Improving patient outcomes with artificial intelligence, machine learning, and wearable devices
The primary goal of our lab is to develop computational analyses and tools that reach patient care to improve outcomes. The convergence of machine learning and expansive routine clinical data enable the development of automated predictive models. However, many barriers remain, impacting the real-world accuracy, deployability, and clinical benefit of artificial intelligence and predictive tools.
One of our priorities is to manage and reduce toxicity of cancer therapy. We developed an electronic health record-based machine learning algorithm to predict acute care visits during outpatient cancer therapy (Hong, JCO Clin Cancer Inform 2018). This model was evaluated in one of the first prospective randomized studies of clinical machine learning, demonstrating that its use directed clincial management to reduce rates of acute care during cancer therapy (Hong, J Clin Oncol 2020).
This experience has enabled early novel studies evaluating a number of important considerations in the implementation of artificial intelligence in clinical practice, including cost reductions (Natesan, NEJM AI 2024), implementation (Hong, BMC Bioinformatics 2022) and healthcare provider reception (Hong, BMJ Health Care Inform 2023). We have since expanded this work into wearable devices, leading one of the first studies developing a wearable-based machine learning model to predict adverse events built off of three prospective trials (Friesner, JAMA Oncol), which is planned for validation on a national clinical trial, NRGF-001.
Personalizing treatment and accelerating clinical trials in prostate cancer
Prostate cancer is the second most common cause of cancer death among men in the United States. Advances in medical imaging, particularly in prostate specific membrane antigen positron emission tomography (PSMA PET) have led to earlier detection of a subtype of metastatic prostate cancer called oligometastatic prostate cancer, where the cancer has spread to only a few other areas of the body. These patients have a better chance at survival, and radiation treatments to the prostate and areas of metastatic cancer have been found to improve long-term outcomes and offer a potential cure.
Our team has specific clinical expertise in the treatment of prostate cancer, which we are combining with our expertise in artificial intelligence. We developed evidence from early seminal trials showing that patients with prostate oligometastasis are most likely to have long-term disease control with targeted radiation to metastases (Hong, PLOS ONE 2018). We are now applying computer vision approaches to PSMA PET to 1) identify how stage migration has impacted best candidates for prostate radiation, which has been shown to improve survival in metastatic prostate cancer and 2) identify patients who benefit most from targeted radiation to metastasis (Chen, ASTRO 2023).
Clinical trials in prostate cancer also require extended follow-up to report results, which limits the rate of delivering advances to patients. Our team is applying machine learning approaches to a large portfolio of phase III clincial trials to develop methods to expedite reporting and accelerate the pace of progress.
Among other studies, our team has also developed a tool to estimate testosterone recovery following androgen deprivation (Spiegel, Int J Radiat Oncol Biol Phys 2019).
Natural language processing and unlocking unstructured clinical data
Large amounts of data are captured in free-text clinical notes, which can pose challenges to clinical study. Extracting this unstructured information can both inform clinical research and facilitate deployable computational tools. The emergence of generative artificial intelligence approaches to natural language processing also carries significant promise in both research and clinical practice (Waters, Pract Radiat Oncol 2023).
We conducted early studies to compare the ability of natural language processing to extract patient outcomes during cancer therapy from routine clinical documentation versus physicians. Our studies indicate high variability even among clinician experts, which may motivate the use of computational approaches (Fairchild, Int J Radiat Oncol Biol Phys 2020). Our natural language processing pipeline facilitates systematic extraction of patient symptoms during cancer therapy (Hong, JAMIA Open 2020).

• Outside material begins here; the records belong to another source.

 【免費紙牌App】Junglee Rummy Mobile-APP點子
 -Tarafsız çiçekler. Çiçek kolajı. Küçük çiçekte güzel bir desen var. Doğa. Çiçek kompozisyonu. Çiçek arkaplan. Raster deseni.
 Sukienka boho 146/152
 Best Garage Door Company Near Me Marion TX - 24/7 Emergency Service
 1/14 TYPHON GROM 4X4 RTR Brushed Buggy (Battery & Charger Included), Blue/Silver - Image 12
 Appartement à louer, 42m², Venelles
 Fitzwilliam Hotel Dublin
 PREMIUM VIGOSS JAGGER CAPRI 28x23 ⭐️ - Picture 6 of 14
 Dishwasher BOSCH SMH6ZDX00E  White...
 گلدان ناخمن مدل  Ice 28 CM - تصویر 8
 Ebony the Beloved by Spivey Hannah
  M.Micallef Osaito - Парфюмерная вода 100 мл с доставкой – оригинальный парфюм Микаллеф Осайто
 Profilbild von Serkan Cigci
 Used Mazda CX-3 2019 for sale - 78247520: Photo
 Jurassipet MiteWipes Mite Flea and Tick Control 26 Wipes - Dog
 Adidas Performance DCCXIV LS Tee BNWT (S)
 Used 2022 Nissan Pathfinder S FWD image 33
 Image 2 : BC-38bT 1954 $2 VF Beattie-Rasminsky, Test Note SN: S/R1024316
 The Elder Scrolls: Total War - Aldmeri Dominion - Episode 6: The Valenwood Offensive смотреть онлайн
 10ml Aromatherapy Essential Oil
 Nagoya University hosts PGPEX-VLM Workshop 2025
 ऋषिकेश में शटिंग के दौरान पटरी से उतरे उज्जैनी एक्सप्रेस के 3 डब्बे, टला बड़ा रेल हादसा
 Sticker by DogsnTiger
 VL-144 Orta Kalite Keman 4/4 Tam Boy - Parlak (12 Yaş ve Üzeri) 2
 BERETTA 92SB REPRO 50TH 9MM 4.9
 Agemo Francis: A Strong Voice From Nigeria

Learning from real world data
Real world data offers insights that can complement randomized controlled clinical trials. This can provide information regarding practice patterns and generate knowledge to inform future trials. Our team has expertise analyzing data from electronic health records, national databases, institutional experiences, claims data, and payor data to both learn from prior experiences and characterize data limitations (Hong, JAMA Netw Open 2021).
A priority of our work also focuses on physician and patient interactions with electronic health records and health information technology (Huilgol, Cancer Med 2022). Among these studies, we have disparities in patient enrollment to online patient portals (Sinha, JAMA Oncology 2021) and characterized electronic health record use of oncologists compared to other physician specialties (Sinha, JNCI Cancer Spectr 2023).
We have also evaluated practice patterns in a range of cancers including lung (Hong, J Natl Compr Canc Netw 2019), prostate, and gynecologic malignancies. Among these studies, we have used Medicare provider data to identify disparities in access to specialized therapies for prostate and gynecologic malignancies (Hong, Brachytherapy 2018).